De pequena sempre fui confrontada com a discriminação decorrente de ter nascido fêmea, e não macho. Os educadores fossem eles os progenitores ou as professoras sempre me confrontaram com o facto de ser do sexo feminino. O facto de pertencer a um determinado sexo seria condicionante para todas as minhas escolhas futuras. Os meus progenitores através das suas escolhas, tentaram incutir em mim a necessidade de me adaptar àquilo que a sociedade esperaria de mim. Em suma era uma menina, e como tal me deveria comportar. Pelo contrário todas as minhas escolhas foram no sentido de provar a minha capacidade de ser autónoma, responsável de me afirmar na sociedade independentemente do sexo. Sem saber da existência de feministas nos idos anos 60, eu pensava, na esteira da Simone de Beauvoir, que “ninguém nasce mulher, torna-se mulher”. [1]

Embora a Constituição da República Portuguesa de 1976, no seu artigo 13° consagre no n° 1, que, “todos os cidadãos têm a mesma dignidade social e são iguais perante a lei.”, e, no n° 2 que, “ninguém pode ser privilegiado, beneficiado, prejudicado, privado de qualquer direito ou isento de qualquer dever em razão de ascendência, sexo, raça, língua, território de origem, religião, convicções políticas ou ideológicas, instrução, situação económica ou condição social.”, no entanto, muitas são as mulheres, que ainda hoje, são alvo de discriminação e violência, sob diversas formas.
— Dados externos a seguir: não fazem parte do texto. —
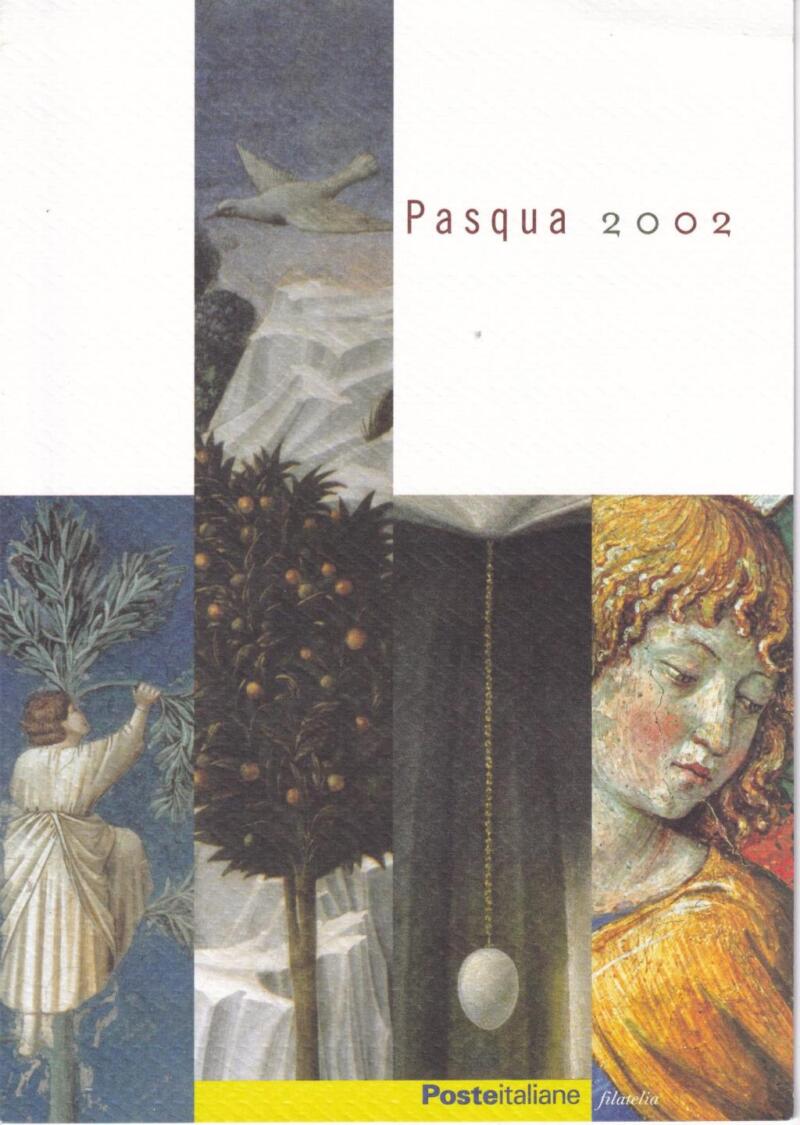 Folder Italia, Data 04/03/2002, Pasqua 2002 (cat. n. 2611e)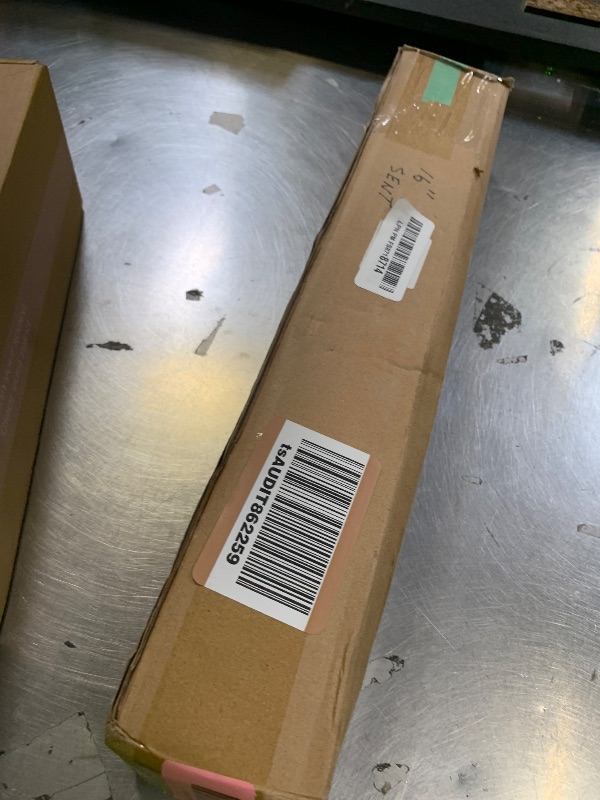 Photo 1 of 1 Pair of 18 Inch Undermount Soft Close Drawer Slides 100LB Load Capacity Full Extension Concealed Drawer Rails with 3D Locking Device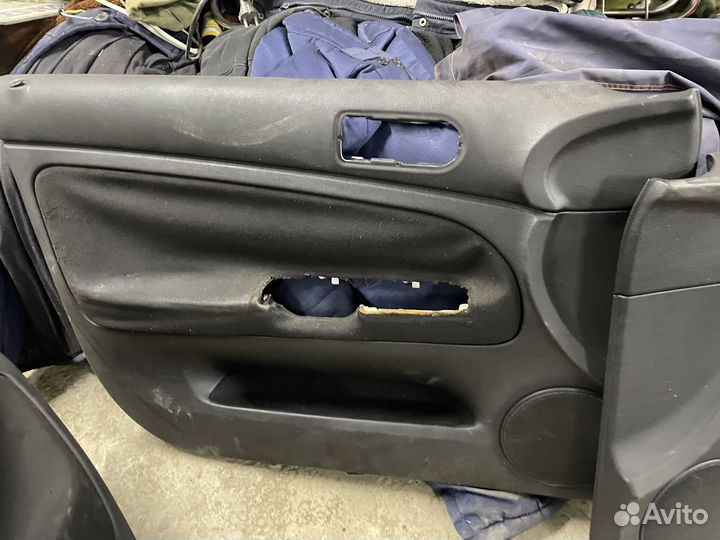 Общивки пассат б5 (целые)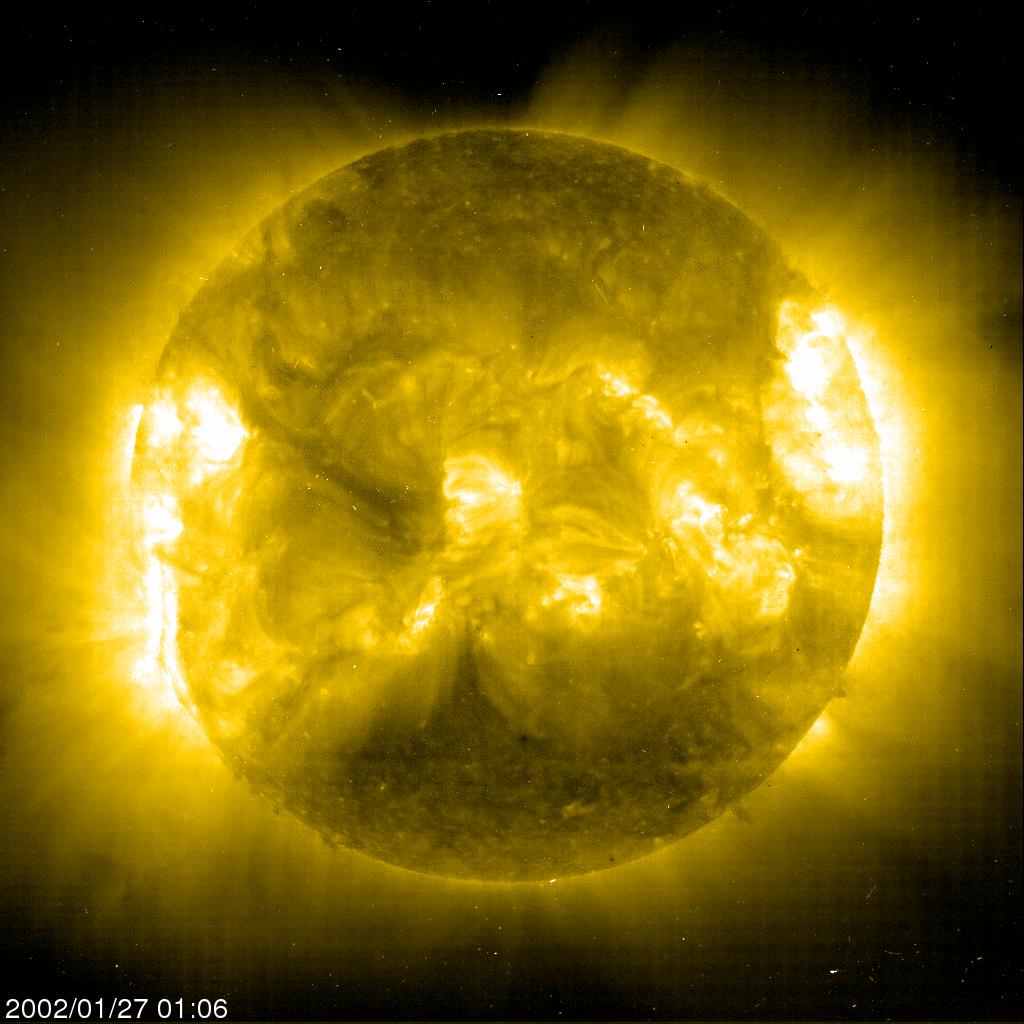 Coronal holes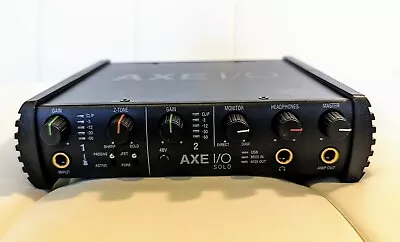 AXE I/O SOLO Guitar USB AUDIO INTERFACE By IK Multimedia • $239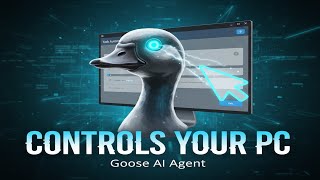 🦢 Goose AI Agent: A Tool That Controls Your Computer! (Roo Code & Agent 0 Can't Do This) - Ep: 015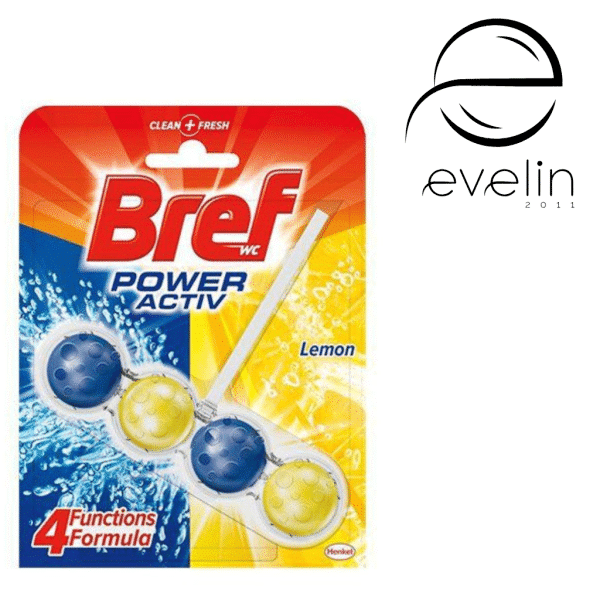 Toilet block BREF lemon *20pcs.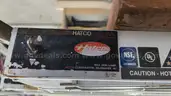 Lot of Four (4) Commercial Overhead Heat Lamps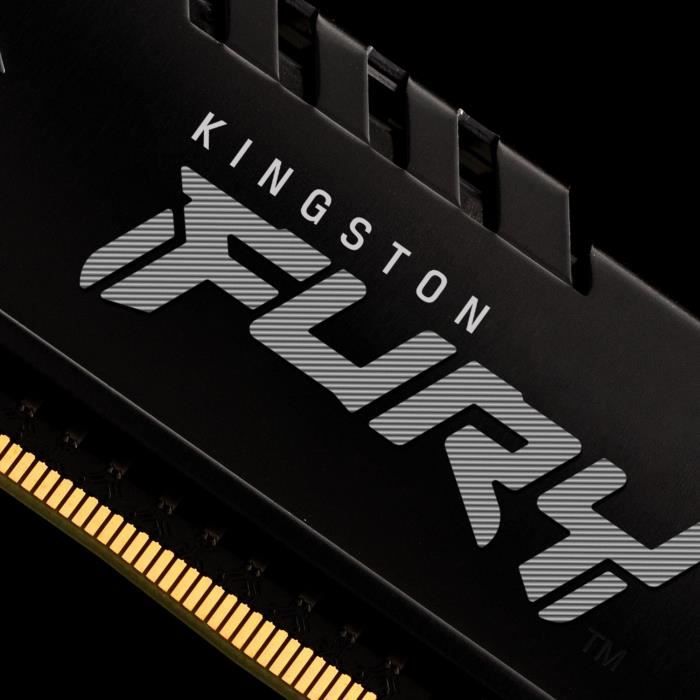 Mémoire Kingston FURY Beast 16 Go DDR4 3600 MHz CL18 - Cdiscount  Informatique
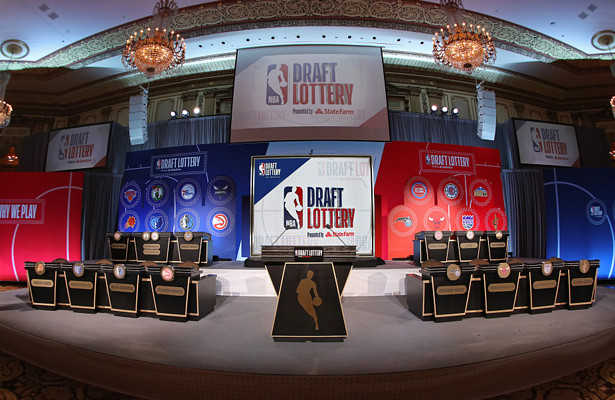 独家直击NBA选秀抽签:弱队狂欢秀 谁赢得掌声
A reprodução de determinados estereótipos ao longo dos anos, numa sociedade fechada, como a portuguesa, possibilitaram que, ainda hoje, muitas mulheres sigam as pisadas das suas avós e mães, não conseguindo romper com um passado que as oprime.

Assim esta dissertação nasce da necessidade de compreender o presente, e todos os condicionalismos com que nos deparamos, através de um olhar ao passado, mais especificamente, ao período da 1ª República.

Com a opção por este período da nossa história, a F República e pelos primeiros anos que a antecederam, é meu propósito estudar os direitos das mulheres, as suas condições de vida e perspectivas face aos direitos que detinham, bem como as alterações legislativas que ocorreram com implantação da República, quem foram os seus actores e em que medida se repercutiram na realidade de todas as mulheres.

Por outro lado, pretendo ver a influência que o Partido Republicano teve numa primeira fase na formação de algumas das Associações Feministas, e, numa segunda fase, nas alterações legislativas que ocorreram com a implantação da República.

Pretendo, ainda, partir da influência da Maçonaria no Partido Republicano, e ver em que medida a Maçonaria foi essencial na formação do movimento associativista Feminino, e se constituiu num grupo de pressão influenciando de forma decisiva o poder ao mais alto nível.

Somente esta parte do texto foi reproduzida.